If rtol or atol are unspecified, they are taken from cmpyParams[‘rtol’] and cmpyParams[‘atol’].

cmpy.math.equal.cmpy_equal(*args, **kwargs)

Machines can output strings, classes, numbers, etc. The purpose of this function is to provide a unified approach to equality comparisions. If the objects are strings, we should compare with string equality. If the objects are floats, we should compare with float equality.

Warning: x and y are converted into scipy arrays before comparision.

This means that all elements in x or y will be converted into the same type.

So, x=(‘a’,3) will become x=array(‘a’,‘3’,dtype=”|S1”)

This has bad implications if there is also an output symbol ‘3’ which is meant be different from the output symbol 3.

Rather than worry about this at all, this function is designed to work with scalars only. A ValueError exception will be raised for any other usage.

Required arguments:
x
This value will be compared to y.
y
This value will be compared to x.
Optional keywords:
rtol
This is the relative tolerance. The default value is cmpyParams[‘rtol’].
atol
This is the absolute tolerance. The default value is cmpyParams[‘atol’].
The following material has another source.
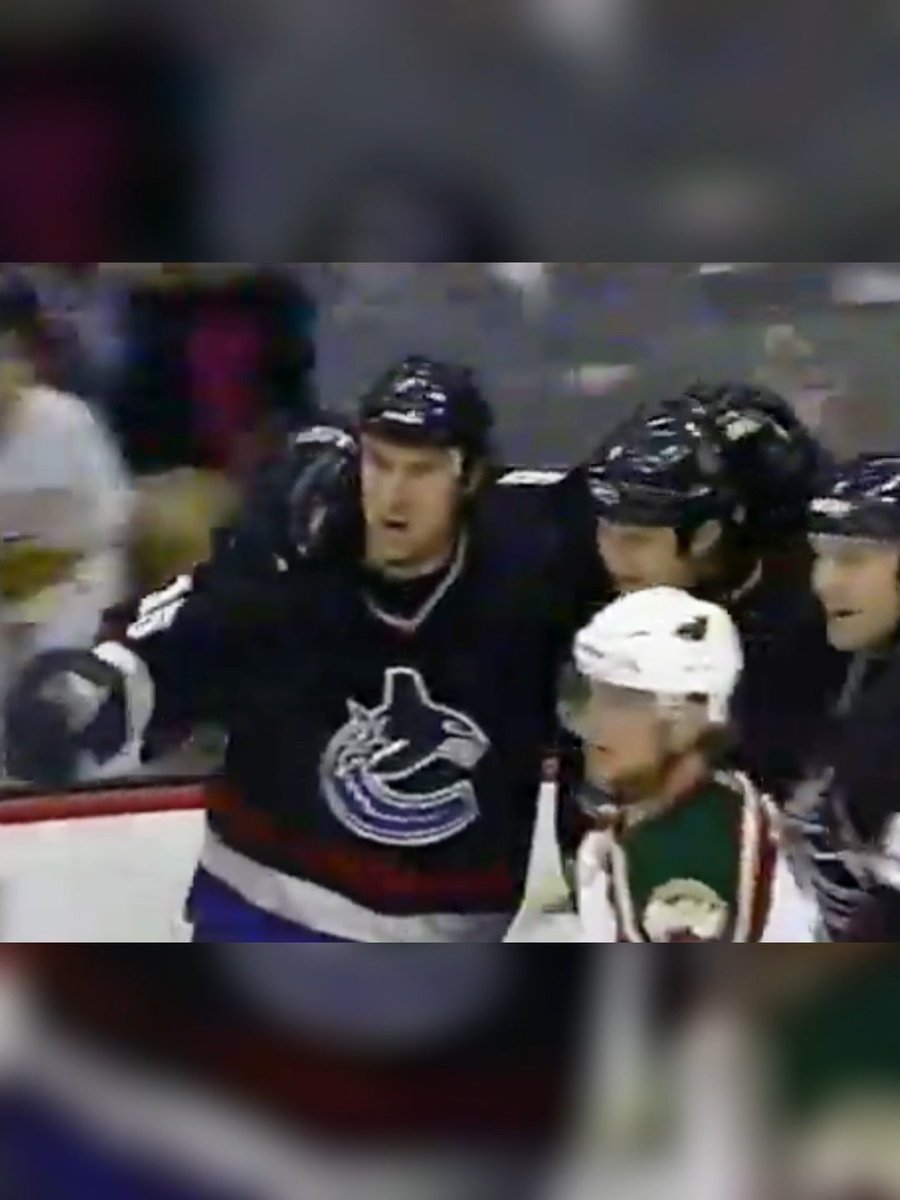 Random Canucks Goal Of The Day November 22nd, 2002. Trevor Linden becomes the greatest goal scorer in Vancouver Canucks history. (🎥: yosoo | YouTube)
cmpy_equal() is deprecated. Use ==, close(), or allclose() instead.

The sigmaalgebra Module

Functions for generating sigma algebras.

http://users.ices.utexas.edu/~chetan/talks/tech_report_sigma_algebra.pdf

cmpy.math.sigmaalgebra.is_sigma_algebra(F, X=None)

Returns True if F is a sigma algebra on X.

Parameters:

F : set of frozensets

The candidate sigma algebra.

X : frozenset, None

The universal set. If None, then X is taken to be the union of the sets in F.

Returns:

issa : bool

True if F is a sigma algebra and False if not.

Notes

The time complexity of this algorithm is O ( len(F) * len(X) ).

cmpy.math.sigmaalgebra.sigma_algebra(C, X=None)

Returns the sigma algebra generated by the subsets in C.

Let X be a set and C be a collection of subsets of X. The sigma algebra generated by the subsets in C is the smallest sigma-algebra which contains every subset in C.

Parameters:

C : set of frozensets

The set of subsets of X.

X : frozenset, None

The underlying set. If None, then X is taken to be the union of the sets in C.

Returns:

sC : frozenset of frozensets

The sigma-algebra generated by C.

Notes

The algorithm run time is generally exponential in |X|, the size of X.